Fred Barstein, CEO and founder of TPSU, interviewed Brendan Speers, Director of Retirement Plan Services at Legacy Planning, after a successful TPSU program held at Sales University near Allentown, Pennsylvania. During the conversation, Brendan shared insights into his role and the comprehensive financial advisory services his firm offers to plan sponsors and individuals.
The focus of Brendan’s presentation was on leveraging retirement plans as tools for recruiting and retaining employees. He explained that this topic was chosen in response to concerns from clients about effectively retaining staff and attracting new talent. Brendan outlined three key strategies for designing retirement plans to aid in recruitment and retention: ensuring all employees are eligible for employer contributions within their first year, customizing vesting schedules to match organizational needs and turnover rates, and implementing profit-sharing plans with new comparability allocation models.
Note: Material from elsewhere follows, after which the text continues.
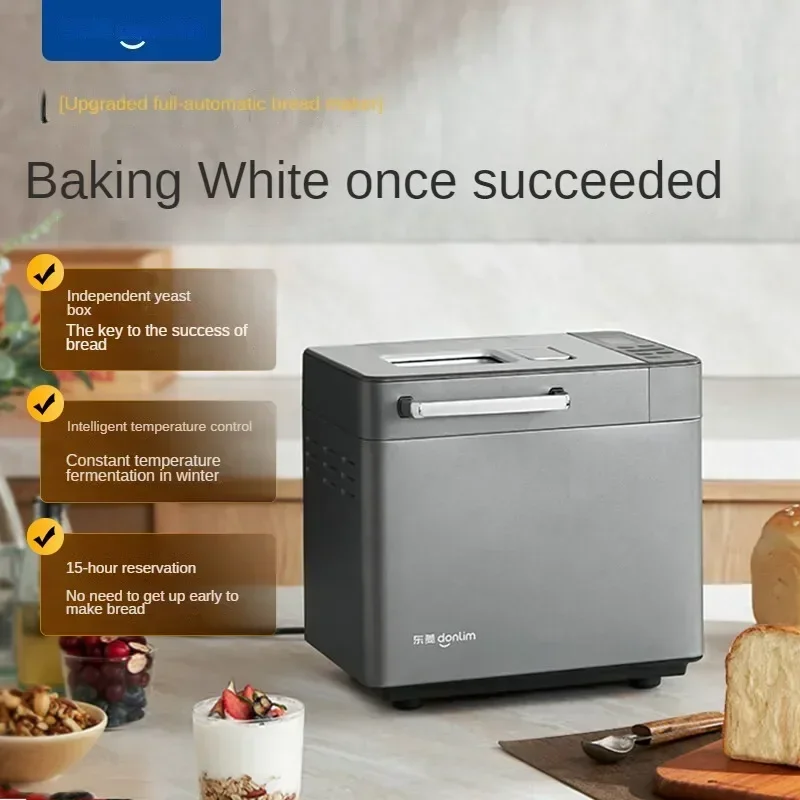 Donlim Bread Maker Fully Automatic Dough Mixer And Kneading Machine With Smart Double Sprinklers For High Success Rate DL-4705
Read the Full Transcript Here:
Fred Barstein:
Greetings. This is Fred Barstein, CEO and founder of TPSU. I am here on the sales university campus near Allentown, Pennsylvania, where we just completed a very successful TPSU program with our adjunct lecturer, Brendan Speers. Welcome, Brendan.
Brendan Speers:
Thank you, Fred. How are you?
Fred Barstein:
Good. Okay if we ask you a few questions?
Brendan Speers:
Yeah, absolutely.
Fred Barstein:
Great. Before we do, tell us a little bit about yourself and your firm.
Brendan Speers:
Yeah, so Brendan Speers, Director of Retirement Plan Services at Legacy Planning, and we are a comprehensive financial advisory firm that work with plan sponsors and individuals with regard to their retirement plan and their individual planning.
Fred Barstein:
So today, your presentation was about using the retirement plan to help with recruiting and retention. Why’d you do that?
Brendan Speers:
We did this presentation. It came out of a number of different questions and concerns that our clients had about being able to retain folks, bring them on to their organization, and be able to have a benefit that they could continually vest in and make sure that they were a long-term fit for the organization.
Fred Barstein:
Right. So give us two or three tips that people can design their plan to recruit and retain.
Brendan Speers:
Yeah. I think one thing is that in your first year, everybody is eligible for an employer contribution with limited focus on how much is needed, so that’s one thing. The other thing is that with regard to your investing schedule, those are things that can be controlled, can be changed, depending on what you’re going for and the type of turnover that you’re seeing within an organization. And then third is really having a profit sharing plan and having a new comparability allocation model is really important to a successful strategy.
Fred Barstein:
So final question. Why should a plan sponsor attend a TPSU program? It’s a lot of time out of the office: half day, three quarters of a day. What’s in it for them?
Brendan Speers:
Yeah. I think all our time is valuable and the breakout sessions are the most highly rated feedback that we receive from plan sponsors. So being grouped into a sponsor of similar size that’s having potentially similar issues or similar things that are working or not working is really important, and that’s how they get feedback from their peers and that’s how they potentially solve situations or are able to look into solutions to solve situations.